------ Available records

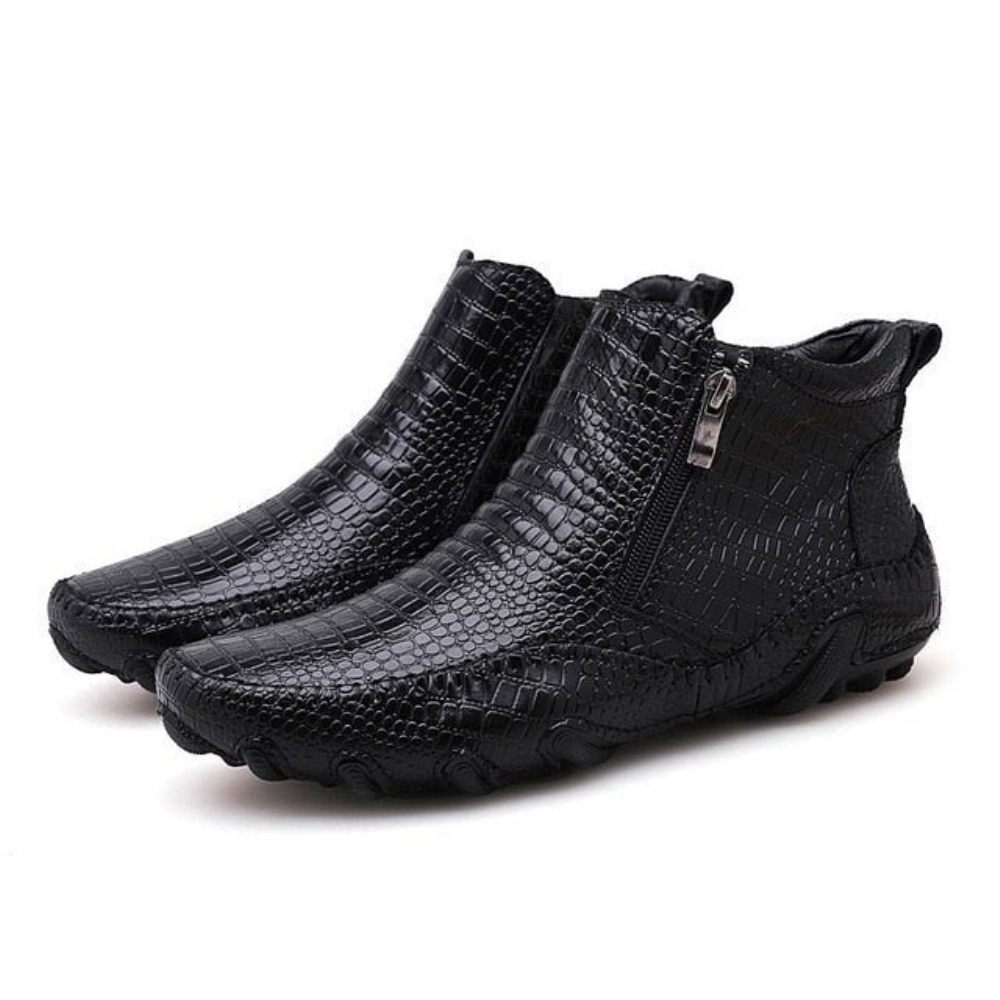 Bottes Pour Hommes Bottines À Enfiler Cuir D'alligator Britannique Luxe - Noir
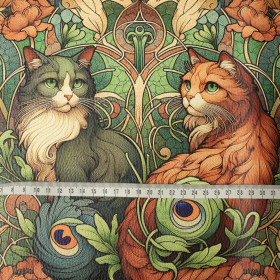 ART NOUVEAU CATS & FLOWERS M. 3 - dickes geprägtes Kunstleder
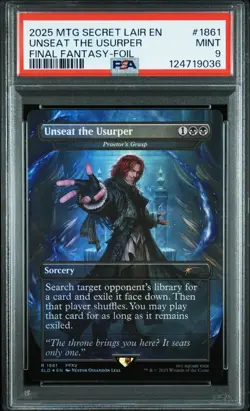 2025 MTG SECRET LAIR DROP FINAL FANTASY: GAME OVER-FOIL UNSEAT THE USURPER PSA 9 - Image 1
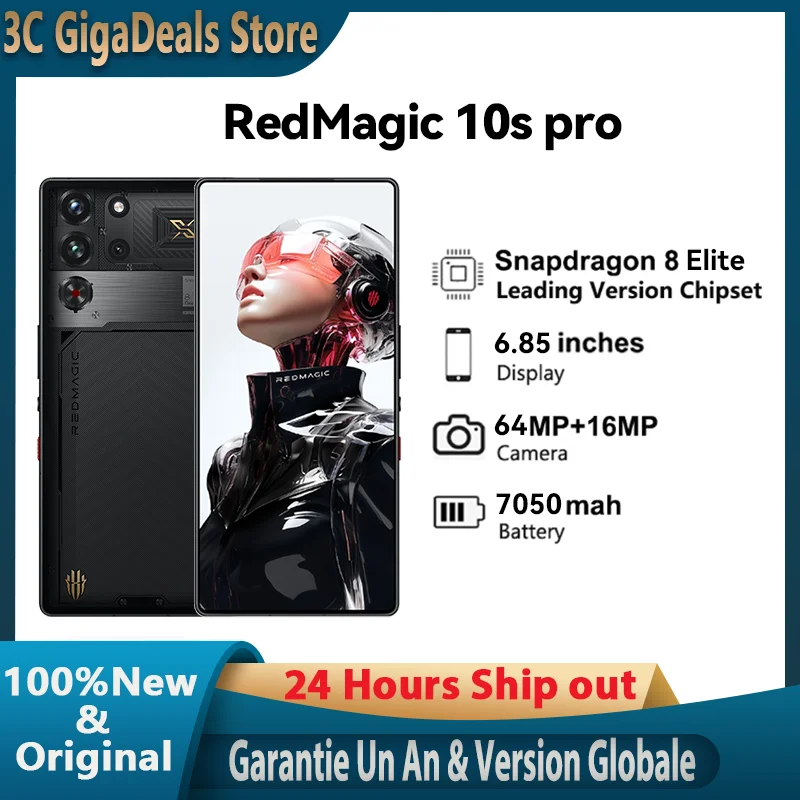 Globale World Premier-Version RedMagic 10s Pro 5G-Gaming-Telefon 6,85 Zoll Snapdragon 8 Elite führende Version 7050 mAh 80 W 144 Hz NFC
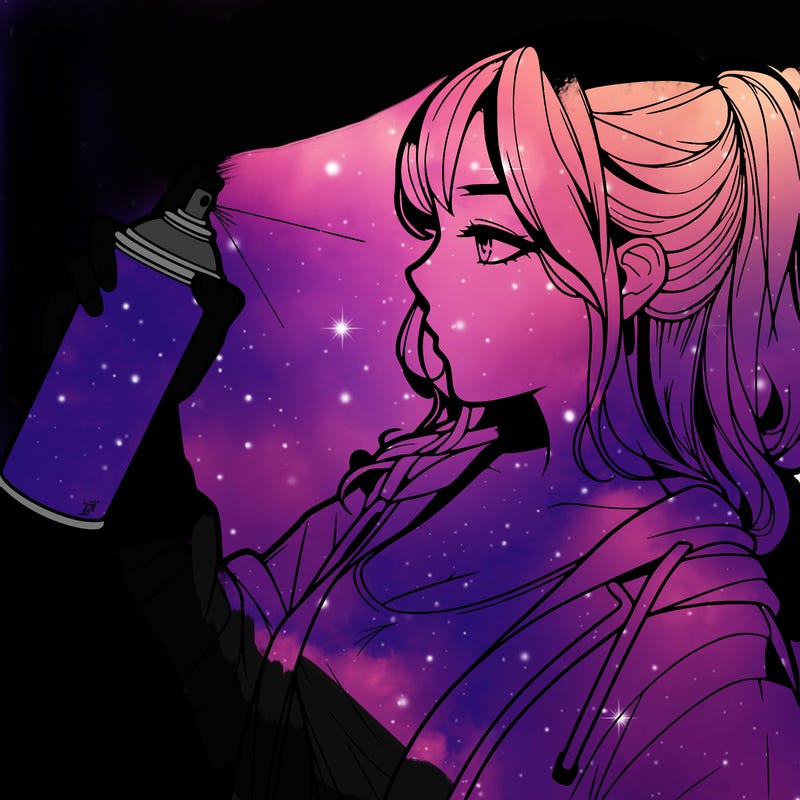 a realistic girl spray, painting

------------

> _Task brief_: Return the complete material exactly as it appears, without images.

> _Response area_:
 Bottes Pour Hommes Bottines À Enfiler Cuir D'alligator Britannique Luxe - Noir
 ART NOUVEAU CATS & FLOWERS M. 3 - dickes geprägtes Kunstleder
 2025 MTG SECRET LAIR DROP FINAL FANTASY: GAME OVER-FOIL UNSEAT THE USURPER PSA 9 - Image 1
 Globale World Premier-Version RedMagic 10s Pro 5G-Gaming-Telefon 6,85 Zoll Snapdragon 8 Elite führende Version 7050 mAh 80 W 144 Hz NFC
 a realistic girl spray, painting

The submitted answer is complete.